Hip-hop artists reflect on 2016 in exclusive interviews with CNN

Editor’s Note: This article contains profanity that some may find offensive.

Washington CNN —  

When it comes to the hip-hop vote in 2016, Newton’s law of energy seems to apply: A campaign at rest will remain at rest unless acted on by an unbalanced force.

The unbalanced force in this case is Donald Trump, whose name for years was invoked to signify wealth and power in hip-hop lyrics, but who is now driving artists who had supported Vermont Sen. Bernie Sanders back toward Hillary Clinton.

Enthusiasm for Sanders during the Democratic primary drove energy away from Clinton, often putting her on the defense over issues like criminal justice reform, her ties to Wall Street and her position as a longstanding leader in the Democratic establishment.

Rappers like Lil B, who backed Clinton as early as 2014 in an anthem dedicated to former President Bill Clinton, jumped ship to rally behind the Vermont Senator, who consistently won the majority of young voters throughout the primary.

But now a very public, impassioned and often bitter rejection of Donald Trump from the hip-hop community, has been driving energy back to Clinton.

“I will be voting for Hillary yes!!! If not bernie then her,” Lil B texted CNN earlier this month. “Even tho I am republican cuz im a businessman but my views and heart are democratic and for the people.”

That’s not a universal opinion in the hip-hop community. Diddy, who led the “Vote or Die” campaign in 2004, criticized Clinton in September and said that until she directly engages with the black community, people need to “hold” their votes.

But Charlamagne Tha God, who co-hosts one of the most popular hip-hop radio shows in America, told CNN that with Trump as the GOP nominee, people “can’t afford” not to vote for for the Democrat.

Hip-hop’s attitude toward both Trump and Clinton has undergone an incredible evolution this year; Trump has gone from being an object of respect to a pariah in rap lyrics. Clinton, who has been much less of a presence – a peripheral character – has become a subject of songs in her own right.
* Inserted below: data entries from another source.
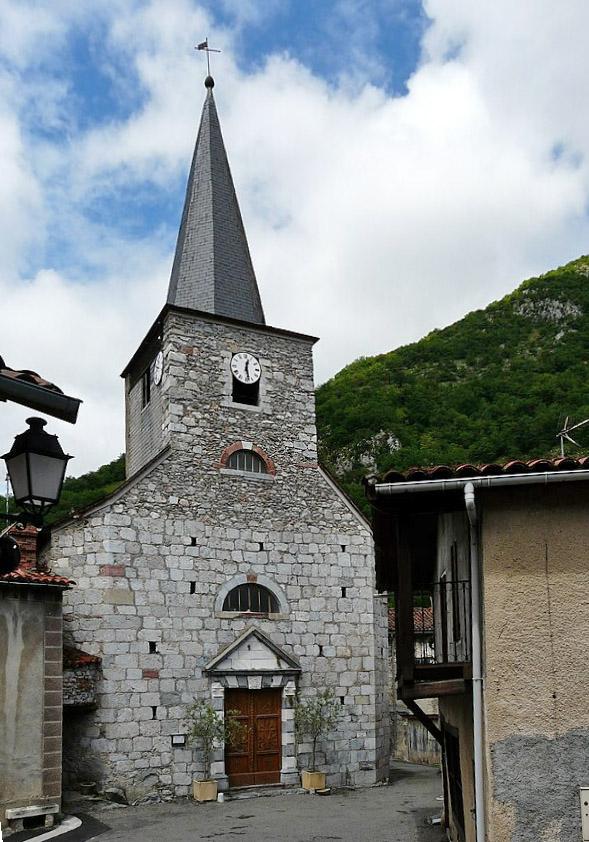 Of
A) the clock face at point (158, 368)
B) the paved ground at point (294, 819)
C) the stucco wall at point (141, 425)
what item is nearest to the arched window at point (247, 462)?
the stucco wall at point (141, 425)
CHECK OUT: Our CNN Politics original series, where artists #GetPolitical

What new lyrics tell us about 2016

An in-depth review of thousands of hip-hop lyrics found 318 mentions of Trump between 1989 and 2016 and 101 mentions of Hillary Clinton or the Clintons as a couple, from 1993 thru 2016. The latter figure excludes the prolific references to Bill Clinton alone or references to Monica Lewinsky.

Those numbers take into account an uptick in mentions over the past year. There were a total of 83 songs by 70 different artists that came out between 2015-2016 mentioning Trump and the vast majority of the lyrics condemn the Republican nominee and his politics.
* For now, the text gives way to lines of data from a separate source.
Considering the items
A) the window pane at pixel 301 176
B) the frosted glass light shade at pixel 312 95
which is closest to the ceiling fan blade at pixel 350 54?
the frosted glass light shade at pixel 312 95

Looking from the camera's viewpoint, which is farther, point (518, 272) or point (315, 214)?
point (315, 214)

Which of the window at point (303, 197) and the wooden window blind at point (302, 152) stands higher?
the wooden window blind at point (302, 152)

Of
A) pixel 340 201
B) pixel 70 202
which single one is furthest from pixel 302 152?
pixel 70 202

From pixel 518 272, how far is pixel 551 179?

Meanwhile, the review identified only 18 songs by 17 artists – 8 in 2015 and 10, so far, in 2016 – that mention Clinton.

“These guys who come out against Trump are not coming out pro-Hillary,” hip-hop educator Omekongo Dibinga told CNN. “A lot of the rappers, when Obama was running, they were actively Obama.”

When YG released “FDT,” which stands for “F*** Donald Trump,” in March, the self-proclaimed “non-political” rapper quickly rose to become one of rap’s most outspoken Trump critics.

But when asked if he plans on voting for Clinton, YG said that he might not vote at all because he doesn’t even know “if our votes count.”

“Out of Donald Trump and Hillary Clinton, I would rather Clinton be president but just overall, I would rather Obama have a third term,” YG told CNN in August.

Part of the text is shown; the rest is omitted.